Training Day knots together these two formula, using all the best clichés of both, following police officer Jake Hoyt (Ethan Hawke) through his first day as part of an elite undercover narcotics unit led by Detective Sergeant Alonzo Harris (Denzel Washington). Hoyt’s first day on the Harris’s squad, it turns out, will also be his last.
"Lawless are they,” wrote Shakespeare, “that make their wills their law. '' Alonzo Harris is one of those men who makes his will his law, a renegade cop with the support and cooperation of a like-minded cabal of Los Angeles politicians, police officers, and criminals. This arrangement makes him an extremely effective undercover cop, it also makes him evil. Early in the film it becomes clear Harris is willing to cross lines other men will not cross. The question hanging in the air for the rest of the film—just how far over those line will he go?
Training Day has little room from subtleties or gray areas. It never so much as flirts with moral complexity, and the adrenaline-stoked, hipper-than-thou styles of writer David Ayer (The Fast and the Furious) and John Woo-wannabe director Antoine Fuqua (The Replacement Killers, Bait, and numerous music videos) are a bit off-putting.
Hoyt and Harris are polar opposites: rookie cop/veteran cop, good cop/bad cop, white cop/black cop. Between them swirls a citywide maelstrom of violence, corruption, and hopelessness. They begin in different worlds, and never the two worlds shall meet.
Like the old Westerns where the heroes wore white hats and the villains wore black hats, Training Day telegraphs its intentions almost from the beginning.
The film is saved from Hollywood silliness only by some strong performances. Hawke is convincing as the naïve newcomer, and (somewhat surprisingly) holds his own on screen with Washington well enough to receive a Best Supporting Actor Oscar nomination. Veteran character actors Tom Berenger and Scott Glenn each offer brief but memorable supporting performances as two very different but evil middle-aged white guys. The real substance of Training Day, though, is Alonzo Harris as portrayed by Denzel Washington.
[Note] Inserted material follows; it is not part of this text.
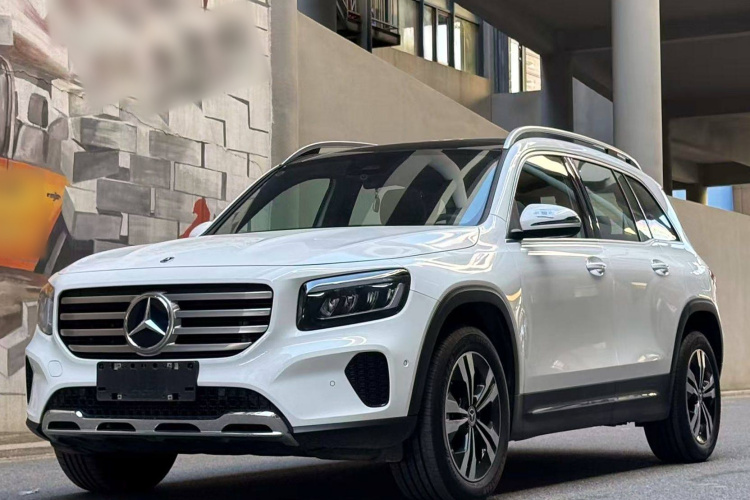 奔驰GLB 2024款 GLB 200 动感型车身外观1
Washington should have won an Academy Award for Best Actor by now (he won the Best Supporting Actor Oscar in 1989 for Glory), if not for Hurricane, than for Malcolm X, or Philadelphia, or Devil in a Blue Dress, or Mo’ Better Blues, or A Soldier’s Story. He’s been nominated again this year for his performance in Training Day, playing a villain for the first time in his career. There’s a good chance he won’t win again this year, but his performance is at least the equal of that of any of the other nominees.
He’s able to take the role of Alonzo Harris, a fairly one-dimensional character, and instill in the character an inarticulate and deeply troubled humanity that seeps out almost subliminally from beneath the film’s more lurid action and dialogue. Playing a corrupt psychopath who revels in his own heart of darkness even as it’s pulling him over the edge. It’s an extraordinarily over-the-top, scenery-chewing, “King Kong’s got nothing on me,” everything-including-the-kitchen-sink performance that’s awesome, slightly schlocky, and a little disturbing, yet, at the same time, strangely appealing.
Training Day is not in the least a realistic movie, although it sometimes seems to think that it is, and it has more than its share of ridiculous moments (the final scene, for example). Amid the nonsense, though, you catch glimpses of the tragedy and ugliness of Harris’s world. No, there probably aren’t (thank goodness) any cops like Alonzo Harris on the streets of L.A. right now, but, as Hoyt finds out, and as we already knew but may have needed to be reminded, there’s some of Detective Sergeant Alonzo Harris in each of us, and he’s always waiting for us just on the other side of the line. It’s wouldn’t take much of a stride for us to just step over.
Now that’s scary.
--Matt Parks (Feb 16, 2002)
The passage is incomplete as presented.